SURREY.


Knightly.

Bray of Shere.

The first in the pedigree is Sir Robert Bray, of Northamptonshire, father of Sir James, who lived about the period of Richard I. His great-grandson, Thomas, was lord of Thurnby, in the same county, in the ninth of Edward II. (1316); from him descended Sir Edward Bray, who died in 1558. Harleston, also in the county of Northampton, was an ancient seat of the Bray family, which rose into opulence with the success of Henry VII. after the Battle of Bosworth, where Sir Reginald Bray, the devoted adherent of the King, was said to have discovered the crown in a thorn-bush, in memory of which he afterwards bore for his badge, "a thorn with a crown in the middle of it." Shere was granted, with many other manors, to Sir Reginald as a reward for his services. The present family spring from Reginald, eldest son by the first wife of Sir Edward Bray, son of John, and nephew of the celebrated Sir Reginald. Edmund Lord Bray was elder brother of Sir Edward; he had an only son, John Lord Bray, who died s. p. in 1557.

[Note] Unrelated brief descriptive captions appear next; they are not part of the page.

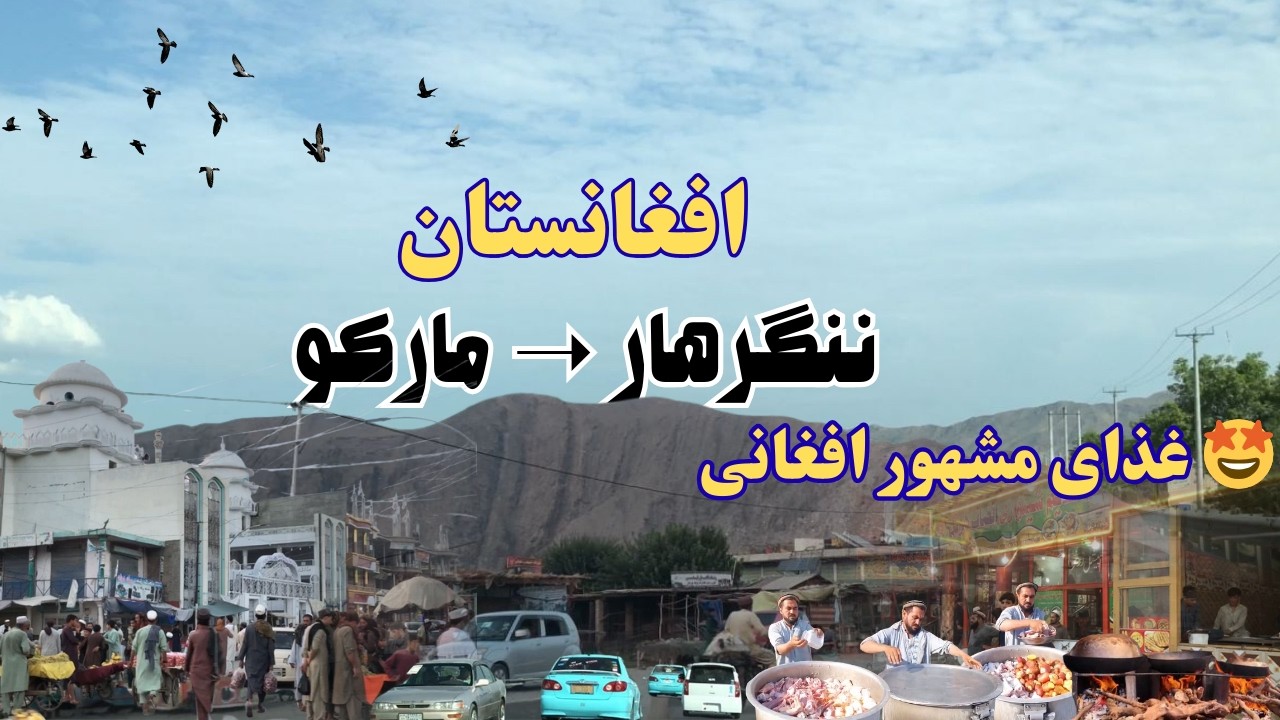 From Nangarhar to Marko | Tasting the Famous Afghan Rosh Dish with Sheep Meat & Potatoes 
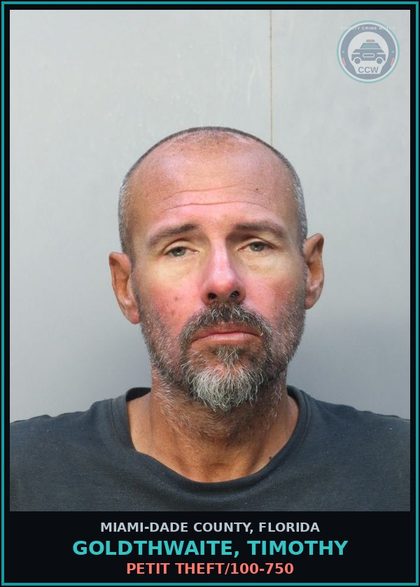 CCW arrest card for GOLDTHWAITE, TIMOTHY in Miami-Dade County: CAMPING PROHIBITED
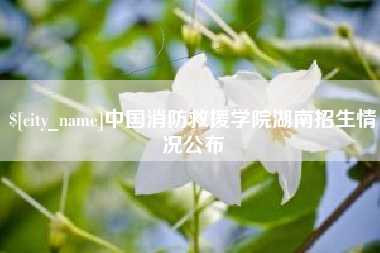 福建中国消防救援学院湖南招生情况公布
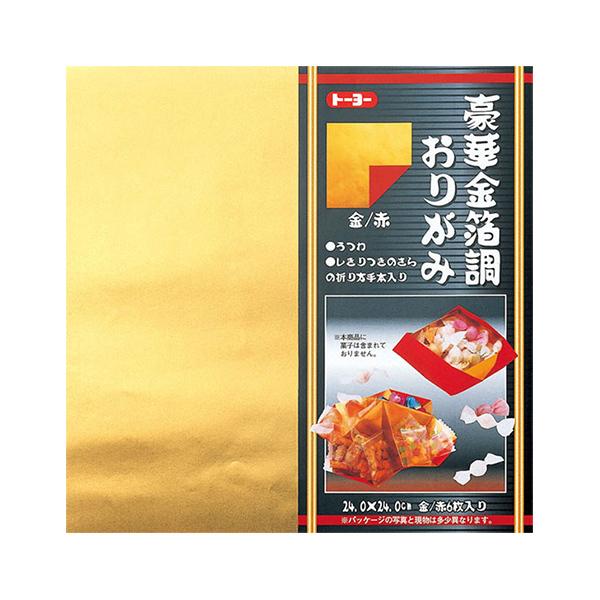 ܂莆 ㎆ w؋肪   24cm 8105x g[[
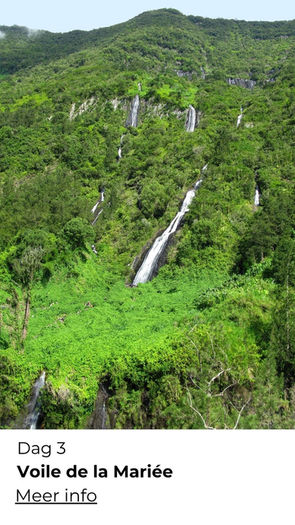 Natuurwandeling tijdens wandelvakantie Réunion
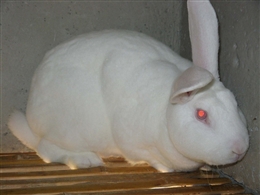 商丘獭兔养殖场商丘獭兔最新价格河北獭兔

Of this family was William Bray, Esq., Treasurer of the Society of Antiquaries, and joint Historian of Surrey.

See Leland's Itinerary, viii. 113, a; and Manning and Bray's Surrey, vol. i. p. 514-523.

Arms.—Argent, a chevron between three eagle's legs sable erased a la cuisse, their talons gules. Another coat usually quartered with the above is, Vair, three bends gules.

Present Representative, Edward Bray, Esq.